Krystyna też przez chwilę rozważała sprawę.
– Coś by zrobił takiego, żeby to potrwało. Ten cały zamek potrzebny mu jak dziura w moście, chce go tylko przeszukać. Dopadłybyśmy go po przeszukaniu, a wtedy już by się zmył i cześć.
– Zamek wraca do nas, a on traci pięć milionów dolarów? Nie jest to lekka przesada?
– Zwariowałaś? Co traci?

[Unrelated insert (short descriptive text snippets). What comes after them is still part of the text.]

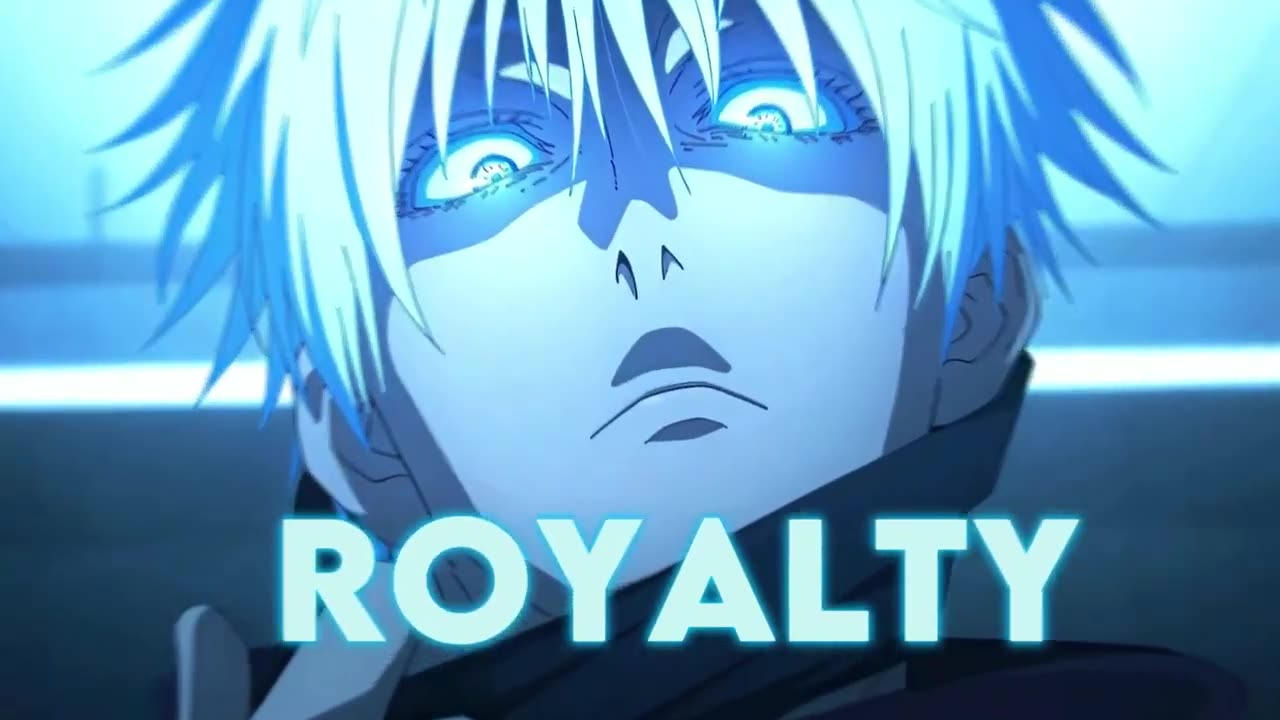 Gojo Satoru - Royalty [EDIT_AMV] _ Jujutsu Kaisen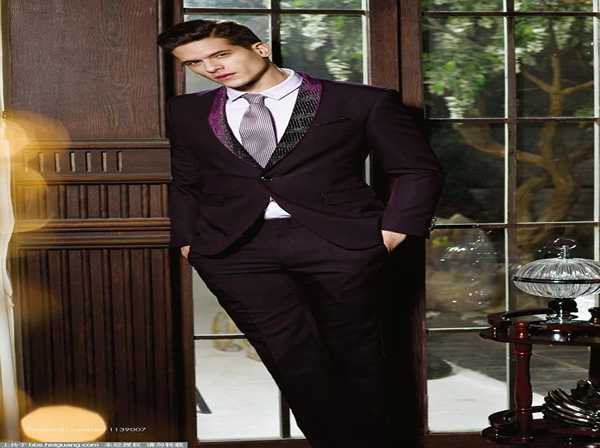 تصویر 1 از قیمت خرید کت و شلوار مردانه پارچه مقدم + فروش ویژه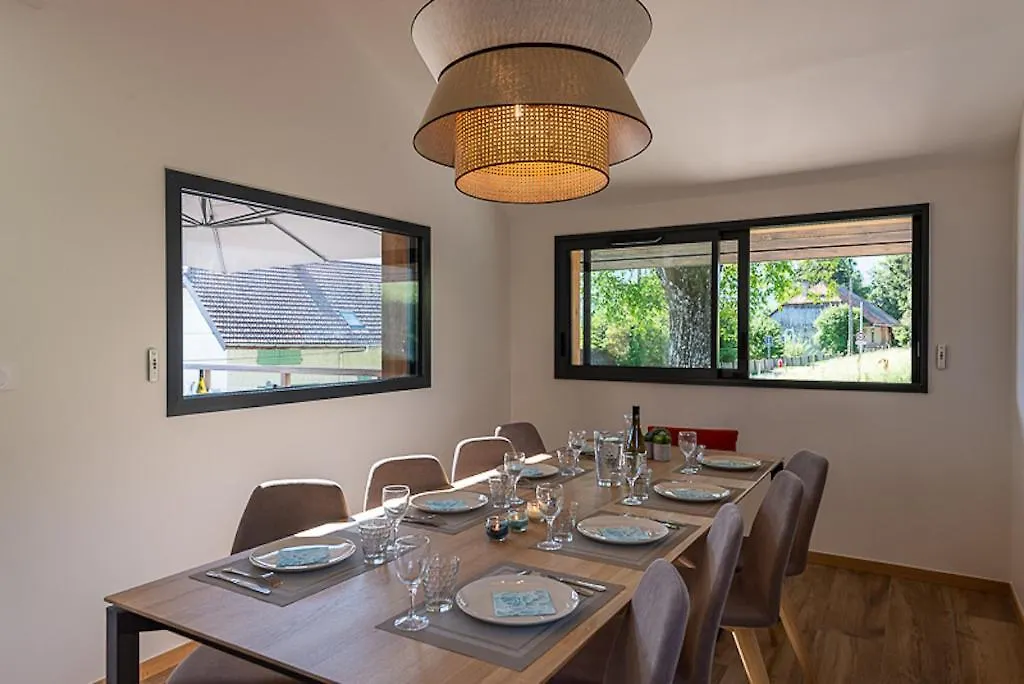 Apartment Annecy Happy Lodge Duplex 9 Pers Saint-Jorioz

Tę fałszywą forsę?
– A rzeczywiście, masz rację…
– W ogóle, na moje oko, to on chce znaleźć to, co myśmy już znalazły – kontynuowała Kryśka, popijając wino po odrobinie. – Korespondencję, pamiętnik prababci, papiery, z których wyciągnie wnioski. Chociaż możliwe, że obecności diamentu w zamku jest pewien i powiem ci, że to mnie trochę niepokoi. Pętamy się po Europie, zamiast szukać na miejscu. A cholera wie, może on tu naprawdę jest?
– Prababcia Karolina by nam o tym napisała.
– Poniekąd napisała, nie?
– Dałaby wskazówkę, coś o miejscu ukrycia. Moim zdaniem, sama nie wiedziała, gdzie on może być.
– Tym bardziej może być wszędzie. A kto wie, może prababcia Justyna odzyskała go po cichutku i kameralnie, prababcia Klementyna ukryła… Albo sama Justyna ukryła już po jej śmierci.
– I słowa o tym rodzonej wnuczce nie powiedziała?
– Wnioskując z opinii babci Ludwiki, prababcia Karolina była trochę… jak by tu grzecznie powiedzieć… nieodpowiedzialna…
– To co wobec tego? Postanowiła, że rodzinny klejnot ma pozostać w ukryciu do dnia sądu ostatecznego? Nie, upieram się, że coś by o tym tu gdzieś było.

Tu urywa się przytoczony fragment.